Thank you Flatband your expert feedback is much appreciated.


----------



## Tex-Shooter (Dec 17, 2009)

Come on Bill, you are making us all look bad! However I love it, so keep up the good work. Your Cowboy is the first ergo that I have shot very well. I think that you ergo’s a hallmark in the slingshot frame design. -- Tex


----------



## lucifer93 (May 4, 2010)

Bill you make amazing slinghots, all your Pocket Predators are very unique.


----------



## Dayhiker (Mar 13, 2010)

It's getting hard to come up with words. But that praise coming from Tex and Flatband above is about as high an accolade as one can get.


----------



## mxred91 (Aug 8, 2010)

They just keep getting better... That is the best looker so far. They have all been great.


----------



## Rayshot (Feb 1, 2010)

My compliments to your work.......again!!!!


----------



## Bugar (Dec 24, 2009)

I Just-UM-Well, UHhhh-MMM- Yeah It's real fine-can't come up with right wording= What would something like that cost a person??
It is ART, that can be used as a catapult , RIGHT???


----------



## Gandolphin (Jun 28, 2010)

That's amazing,
is it for sale? if it is pm me asap


----------



## Bill Hays (Aug 9, 2010)

Thanks for ALL the kinds words Guys!

This particular one was sold within 15 minutes of my posting it...
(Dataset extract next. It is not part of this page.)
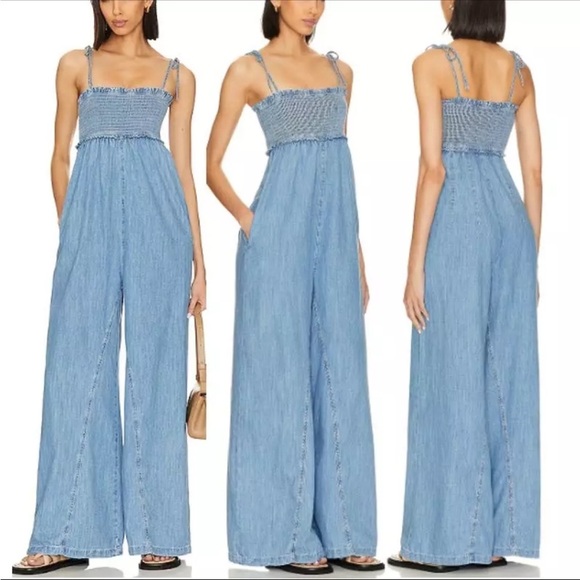We The Free Pants - NWT We The Free x REVOLVE Easy Does It Jumpsuit Eternally Blue Women's Small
I can and will make another Hathcock, but using Walnut Dymondwood with a G10 center. It'll be similar to my avatar, same wood color but polished more, have only 2 rivets and a black G10 center. Should be able to start on that Thursday or Friday. It will be $100, shipping and bands included.


----------



## Martin (Jan 17, 2010)

That really is awesome, beautiful work. Can you ship to the UK?
Martin


----------



## Bill Hays (Aug 9, 2010)

No problem Martin, but it will cost $8 more for the extra shipping though.


----------



## Martin (Jan 17, 2010)

Great I will pm you when I have the money, I'm looking foward to shooting one of these I think its a fantastic design.
Martin.


----------



## 919h (Aug 27, 2010)

Very nice !
Congratulations.

Xavier


----------